__Your objective__
Copy nothing from the entries below except the lines from the one containing "Before we convert" through the one containing "Get your free", and copy those exactly.

__Information provided__
=== Begin Enclosure ===

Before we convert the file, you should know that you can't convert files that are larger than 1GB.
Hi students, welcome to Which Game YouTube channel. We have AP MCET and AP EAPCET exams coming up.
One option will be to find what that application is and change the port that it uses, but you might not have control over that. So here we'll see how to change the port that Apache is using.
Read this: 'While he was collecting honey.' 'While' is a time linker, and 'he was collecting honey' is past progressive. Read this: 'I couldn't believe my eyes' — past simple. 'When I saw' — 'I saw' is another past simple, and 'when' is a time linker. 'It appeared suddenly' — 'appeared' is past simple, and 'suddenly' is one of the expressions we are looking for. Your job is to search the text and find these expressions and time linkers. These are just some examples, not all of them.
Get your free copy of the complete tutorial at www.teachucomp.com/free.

=== End Enclosure ===
=== Begin Enclosure ===

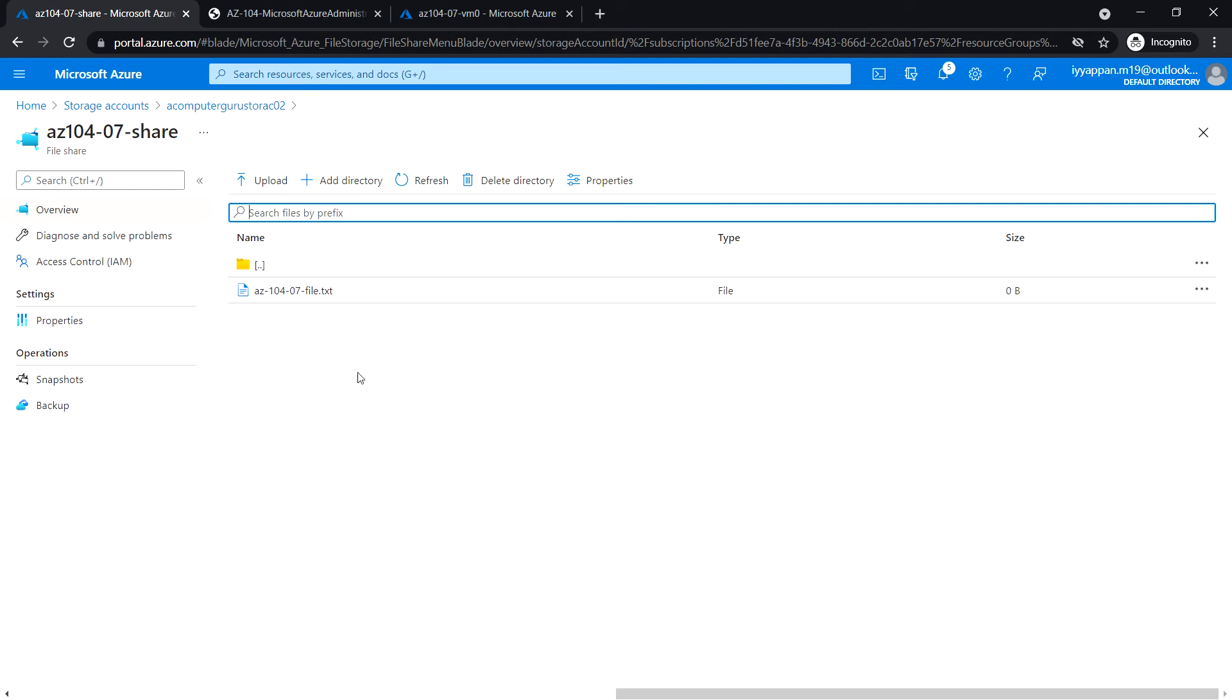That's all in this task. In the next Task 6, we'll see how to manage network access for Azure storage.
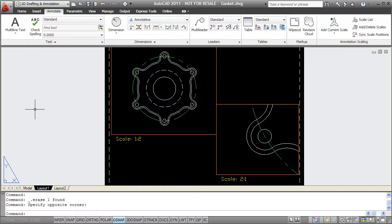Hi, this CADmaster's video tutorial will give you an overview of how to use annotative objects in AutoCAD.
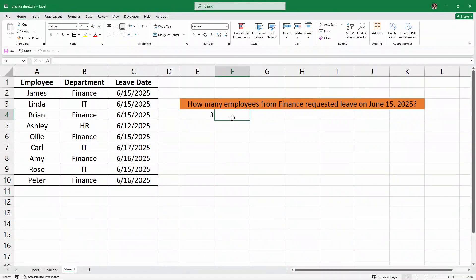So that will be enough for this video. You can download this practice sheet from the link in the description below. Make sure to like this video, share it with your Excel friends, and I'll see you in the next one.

=== End Enclosure ===
=== Begin Enclosure ===

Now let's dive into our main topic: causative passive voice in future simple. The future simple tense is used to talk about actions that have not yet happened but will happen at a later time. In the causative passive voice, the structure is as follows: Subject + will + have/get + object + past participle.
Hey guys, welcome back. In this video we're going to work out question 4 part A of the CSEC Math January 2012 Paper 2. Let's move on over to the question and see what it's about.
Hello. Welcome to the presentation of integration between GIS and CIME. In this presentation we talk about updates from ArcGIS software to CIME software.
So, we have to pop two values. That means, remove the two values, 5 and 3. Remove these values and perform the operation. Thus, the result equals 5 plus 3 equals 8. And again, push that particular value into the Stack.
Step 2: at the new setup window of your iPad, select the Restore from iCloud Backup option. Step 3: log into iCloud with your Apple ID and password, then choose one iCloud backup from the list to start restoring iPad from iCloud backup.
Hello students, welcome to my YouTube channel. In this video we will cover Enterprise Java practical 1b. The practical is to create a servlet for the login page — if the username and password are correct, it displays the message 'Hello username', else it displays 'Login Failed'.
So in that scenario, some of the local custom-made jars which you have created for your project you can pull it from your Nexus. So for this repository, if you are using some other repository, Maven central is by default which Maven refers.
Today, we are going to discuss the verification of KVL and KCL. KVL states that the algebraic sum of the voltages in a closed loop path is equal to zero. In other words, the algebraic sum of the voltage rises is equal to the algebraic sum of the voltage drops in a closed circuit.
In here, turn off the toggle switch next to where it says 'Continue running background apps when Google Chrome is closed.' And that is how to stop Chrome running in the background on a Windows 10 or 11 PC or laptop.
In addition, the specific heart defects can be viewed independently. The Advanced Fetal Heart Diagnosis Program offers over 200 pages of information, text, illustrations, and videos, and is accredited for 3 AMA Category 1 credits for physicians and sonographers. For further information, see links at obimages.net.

=== End Enclosure ===

__Exercise result__
Before we convert the file, you should know that you can't convert files that are larger than 1GB.
Hi students, welcome to Which Game YouTube channel. We have AP MCET and AP EAPCET exams coming up.
One option will be to find what that application is and change the port that it uses, but you might not have control over that. So here we'll see how to change the port that Apache is using.
Read this: 'While he was collecting honey.' 'While' is a time linker, and 'he was collecting honey' is past progressive. Read this: 'I couldn't believe my eyes' — past simple. 'When I saw' — 'I saw' is another past simple, and 'when' is a time linker. 'It appeared suddenly' — 'appeared' is past simple, and 'suddenly' is one of the expressions we are looking for. Your job is to search the text and find these expressions and time linkers. These are just some examples, not all of them.
Get your free copy of the complete tutorial at www.teachucomp.com/free.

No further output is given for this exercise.